Traveller Club Austria

DIE JAGD NACH DEN SCHIMPANSEN VON TAI

Rubriken: Tipp - Reiseziele: Côte d’Ivoire

oder DER TAG, AN DEM MEIN #-2-LEIBERL STARB!

Um es vorweg zu nehmen, Tai ist nicht das ehemalige Siam, sondern ein Nationalpark im Westen der Elfenbeinküste. Und die Jagd ist von rein visueller Natur, es kam niemand zu Schaden außer mein #-2-Leiberl!

Ich habe es mir eine Menge Geld und Mühe kosten lassen, um diese Affen zu sehen. Geldmäßig betrugen die Hotelkosten, Parkeintritt und die Heuer eines Führers insgesamt 80 Euro. Mit diesem Betrag lebe ich hier normalerweise eine Woche lang ganz gut. Die Mühe bestand u.a. in An- und Abreise zu und von dem Park.
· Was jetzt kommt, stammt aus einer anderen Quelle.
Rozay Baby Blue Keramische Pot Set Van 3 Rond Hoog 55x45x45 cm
Die Strasse ist so schlecht, dass kaum Busch-Taxis durchkommen. So bin ich das meiste zu Fuß spaziert und ab und zu auf Kakao-Lastern mitgekommen. Insgesamt hat das Ganze 4 Tage gedauert und ich habe 60 km auf die Sohle gebracht (nicht mitgerechnet die km im Park selbst!). Doch Schimpansen haben mich immer schon fasziniert. Als Kind war ich auf jedem Baum ganz oben und konnte mich irgendwie mit diesen nahen Verwandten identifizieren!
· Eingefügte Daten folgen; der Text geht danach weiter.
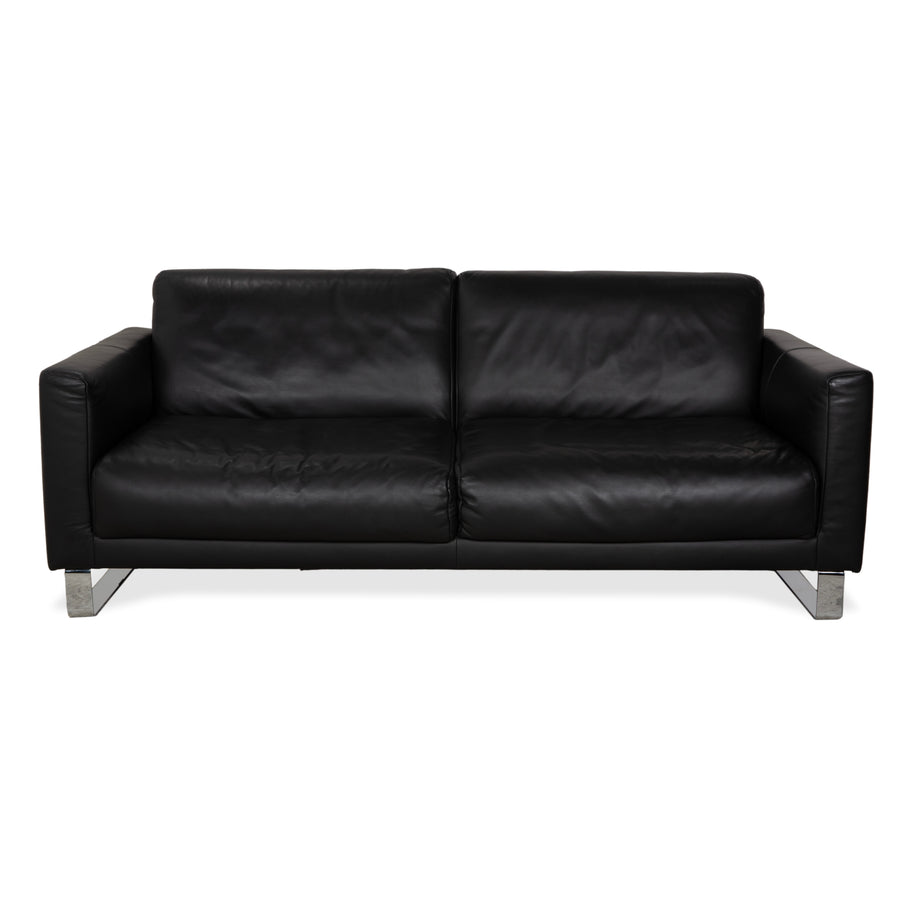 Canapé trois places en cuir noir Rolf Benz Freistil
Um 7 Uhr Früh ging es also los. Mit Kouga, meinem Führer, setzten wie zuerst mal in einem Kanu über einen kleinen Fluss über, der die Grenze zum Nationalpark bildet. Dann ging es im Eilschritt auf einem kleinen Pfad durch den Dschungel. Ich hatte Gott sei Dank genügend Kondition getankt, um mithalten zu können. Trotzdem bewunderte ich meinen Führer, wie er bei der Geschwindigkeit gleichzeitig auf den Weg achten und die überhängenden Äste wegstoßen konnte. Wo wir doch alle aus Hollywood Filmen wissen, dass diese Äste großteils getarnte Giftschlangen sind. Nun, es waren nicht alle Schlangen, aber viele hatten zumindest Dornen. Auch wischte er todesmutig alle Spinnweben mit der Hand weg. Ich versuchte mich genau hinter ihm zu halten und hatte größte Hochachtung!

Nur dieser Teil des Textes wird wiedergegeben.